The IMF and the World Bank at Sixty
Anthem Press, 2005 - Business & Economics - 347 pages
'These "voices of the poorer" are excellent challenges and extensions of present development thinking, whether they are concerned with debt management in developing countries, with conditionalities of the IMF or (my favourite) industrial competitiveness.'
"Jozef Ritzen, President of the Universiteit Maastricht and former Vice President of the World Bank's Development Economics Department (2001-3)"
'The current volume is indicative of the range of significant second options, reflective of developing countries' concerns, that emanate from the G-24's continuing research programme.
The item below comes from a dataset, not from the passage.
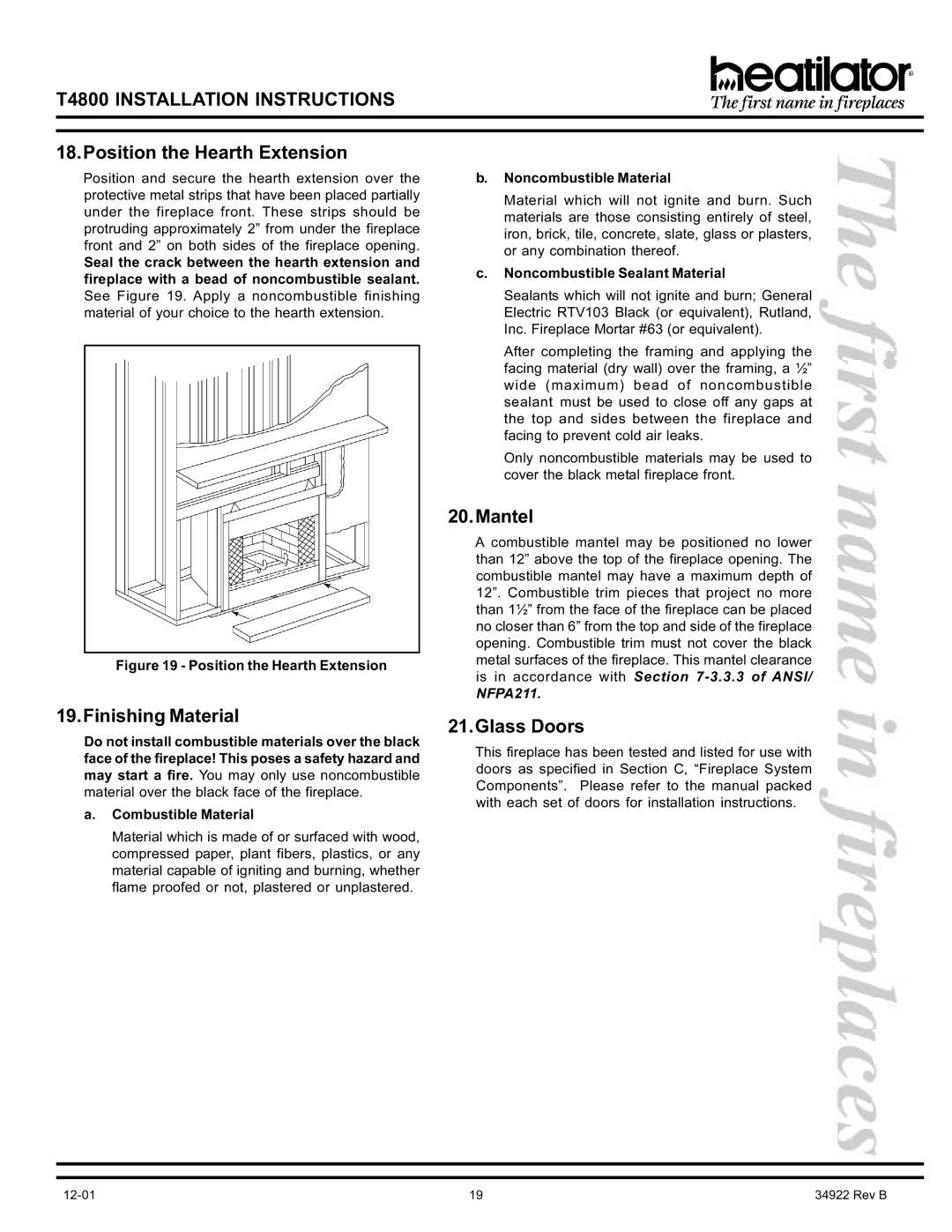 Heatiator T4800 manual Position the Hearth Extension, Finishing Material, Mantel, Glass Doors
Its papers should stimulate debates that, on the occasion of the IFI's 60th anniversary, deserve to take place both within these institutions and throughout the broader community of financial and development analysts and policymakers.'
"Gerry Helleiner, Professor Emeritus, Economics and distinguished Research Fellow, Munk Centre for International Studies, University of Toronto"
'The contributors to this volume provide cogent arguments for substantial reforms, not only to the IMF and World Bank, but to the entire financial system, to make it less prone to crisis and more supportive to developing countries.'
"Roy Culpepper, Ph.D. President and CEO, The North-South Institute, Canada"
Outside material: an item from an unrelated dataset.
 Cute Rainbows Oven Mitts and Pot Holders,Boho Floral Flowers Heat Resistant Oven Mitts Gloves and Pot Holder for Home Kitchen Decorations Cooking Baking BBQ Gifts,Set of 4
'"[The IMF and the World Bank at Sixty]" will supply ammunition to all those sceptical about the benefits to developing cuontries of current global economic policies and institutions. It will also be useful reading for courses on global governance, developmental economics, and international finance.'
"Professor Michael J Ellman, Department Chair, Economics, Faculty of Economics and Econometrics, Universiteit van Amsterdam"
As the Bretton Woods institutions enter their sixtieth year, they face a number of challenges. Some are the result of changes that have occurred in the world economy while others are the outcome of their approaches to the problems of stabilization and development, and of their own governance structure.
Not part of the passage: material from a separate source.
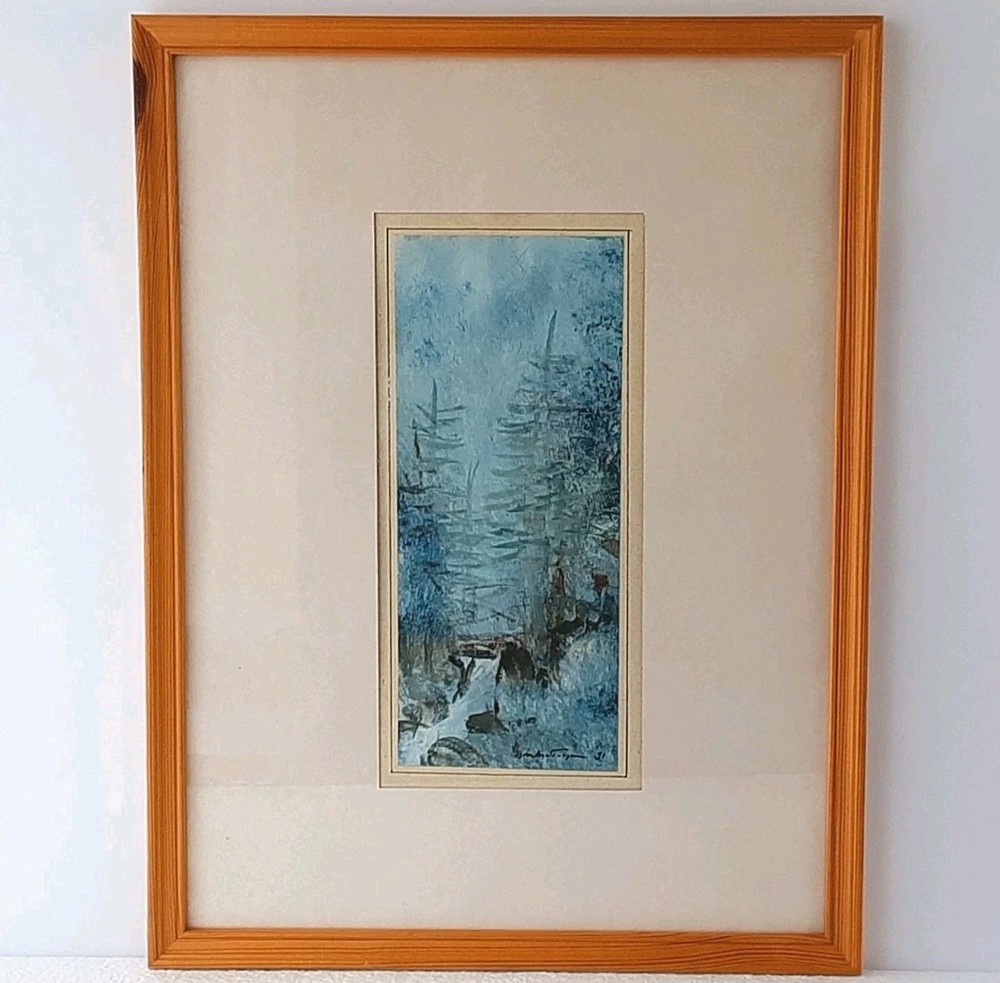 Abstract Watercolor Painting Winter Forest w Waterfall 13x17 framed signed 1991-image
"The IMF and the World Bank at Sixty" presents a selection of essays prepared for the Group of Twenty-Four Developing Nations (G24), by some of the foremost authorities in their fields, which address these challenges and suggest the need for reform in several areas. Ariel Buira's introduction presents a critical overview of the functioning of the IMF and the international monetary system, underscoring a number of shortcomings that could be remedied to make it more supportive of development through changes in governance. The other essays focus on two areas: financial issues, particularly the prevention of financial crises; and secondly, the policies of the Bretton Woods institutions.
All these essays have one fundamental aim: to improve the functioning of the global economy and to better enable the developing countries to share in the gains in prosperity of recent decades.